The award goes to Keylontic Science. It's science all right, at least by Michael Behe's definition of science. This one's got advanced races no real scientist has ever heard of, esoteric texts with messages like "love is good" and "everything is creative." You'd think people would get tired of creating the same thing over and over again.
If we apply the fundamentalists' own standards, they should be stopped at every opportunity from advancing their anti-science, anti-progress agenda. We won't apply those standards, of course, so the question is what should we be doing if we care about rationality, progress, scientific understanding, technological advances, and extending the opportunity of a happy and peaceful life to more people?
I don't know that New Scientist (NS) has an answer to that question but in a special report on fundamentalism in the October 8-14, 2005, issue it asks "Does religious fundamentalism really pose a threat to the scientific world view?" You can guess at their answer by the title of the article in which that question appears: "End of Enlightenment."
What is a fundamentalist? Christian fundamentalists prefer the label "evangelical," according to NS. I don't know what Islamic fundamentalists prefer to be called, but both share a belief in an inerrant revelation that represents the infallible truth. Both believe in the direct creation of everything by God. And both believe that God expects them to live according to the rules set down in the inerrant text. Fundamentalists see the world as a cosmic struggle of good against evil (p. 14). Anyone who does not accept their beliefs is an enemy of God. Finally, fundamentalists believe they are to be missionaries for God and that can mean anything from proselytizing to strapping a bomb to one's midriff for later detonation at a pre-school.

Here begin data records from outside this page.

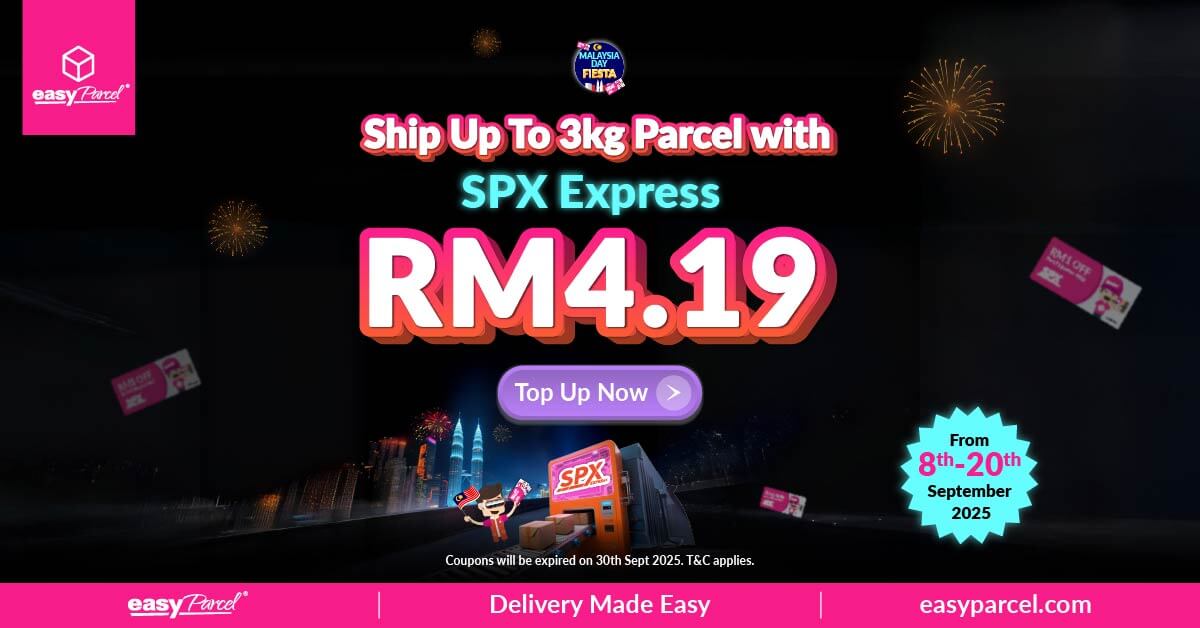 SPX Express From RM4.19 at EasyParcel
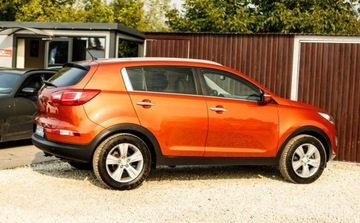 Kia Sportage III SUV 1.7 CRDi 116KM 2011 Kia Sportage 1.7 CDRI 115KM Led PDC Climatronic serwis ASO niski przebieg, zdjęcie 9
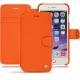 レザーケース Apple iPhone 7 Plus - Orange fluo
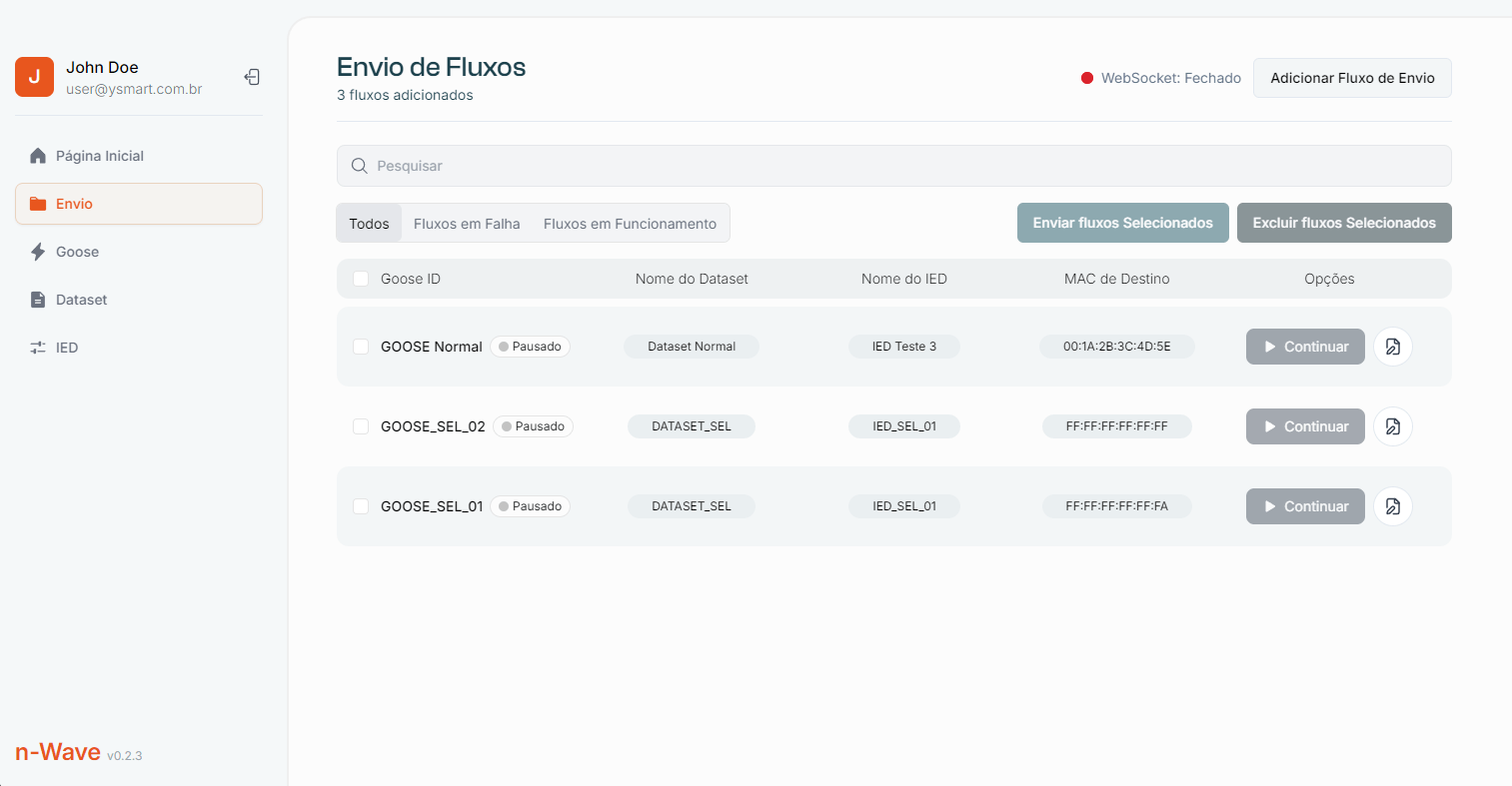 NWave Dashboard
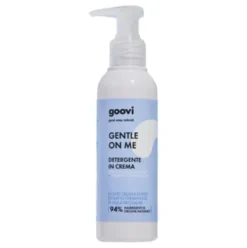 Goovi Gentle On Me Detergente In Crema - Detergente struccante per pelle secca e sensibile - 140 ml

"Meeting of Minds" by Michael Brooks, another article in the NS special report, notes that scientific studies have found that "there is no real difference between fundamentalists and everybody else" when it comes to personality traits, modes of thinking, or psychological flaws. Contrary to appearances, "fundamentalists do not have an abnormally high regard for, or willingness to acquiesce to, authority figures." They don't tend to be prejudiced or racist. However, "homophobic is a different matter."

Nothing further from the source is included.